Electric Vehicles

Race Tightens Between EVs and ICE-Powered Cars

It was bound to happen eventually. I just didn’t think it would happen this quickly.

The electric vehicle industry has finally reached its tipping point.

The EV revolution cannot be stopped.

And I’m not the only one who thinks so.

Auto analyst Felipe Muñoz said 2018 was probably the peak of internal combustion engine (ICE) car sales. He predicts EVs will outsell ICE-powered vehicles by 2030.

Within the next decade, we can expect to see the beginning of the end for fossil fuel-powered vehicles. And in the same time frame, it may become comparable or cheaper to buy the average EV.

A Global Trend

After a slow start, EV models are hitting dealer showrooms all over the country.

Customers are buying. In fact, most dealers now have waiting lists.

And it’s not just a U.S. phenomenon.

Much of the global EV growth is happening in China. That means trouble for Chinese car and truck makers.

The Chinese government is big on EVs and has made it nearly impossible for carmakers to increase production of ICE-powered vehicles.

The government will not support new companies that make only ICE vehicles. And existing carmakers are required to meet certain benchmarks to ensure the future is electric.

On the European front, German automaker Daimler AG (OTC: DDAIF) recently said it would halt ICE development. Instead, its primary focus will be on EV development.

It will specifically be focusing on battery and electric drivetrain design.

Daimler’s announcement has significant implications for the company. This German conglomerate also owns 18-wheeler maker Freightliner.

All of its current production is diesel-powered trucks. Although Daimler didn’t specifically say so, its current announcement sets the stage for its entry into the all-electric truck market.

Tesla (Nasdaq: TSLA) can certainly be credited with kicking off the current EV transportation disruption.

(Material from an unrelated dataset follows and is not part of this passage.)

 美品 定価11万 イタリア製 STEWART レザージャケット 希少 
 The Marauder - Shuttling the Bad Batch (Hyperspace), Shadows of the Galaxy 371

But now nearly every other car and truck maker has plans to start making EVs.

Mercedes-Benz recently joined Volkswagen as the only ICE car manufacturers planning to switch to exclusively EV production.

I believe we will see more announcements like this over the next several years.

Public Support

Both automakers and customers are on the same page right now.

Worldwide, automakers are investing an impressive $300 billion in the development and production of batteries and EVs.

That investment will likely pay off…

A recent survey by AAA showed that 20% of respondents plan to make their next car an EV.

And, lastly, a survey done by the hosts of the Fully Charged video series found that 88% of EV owners would never buy another ICE vehicle.

Welcome to the tipping point, readers.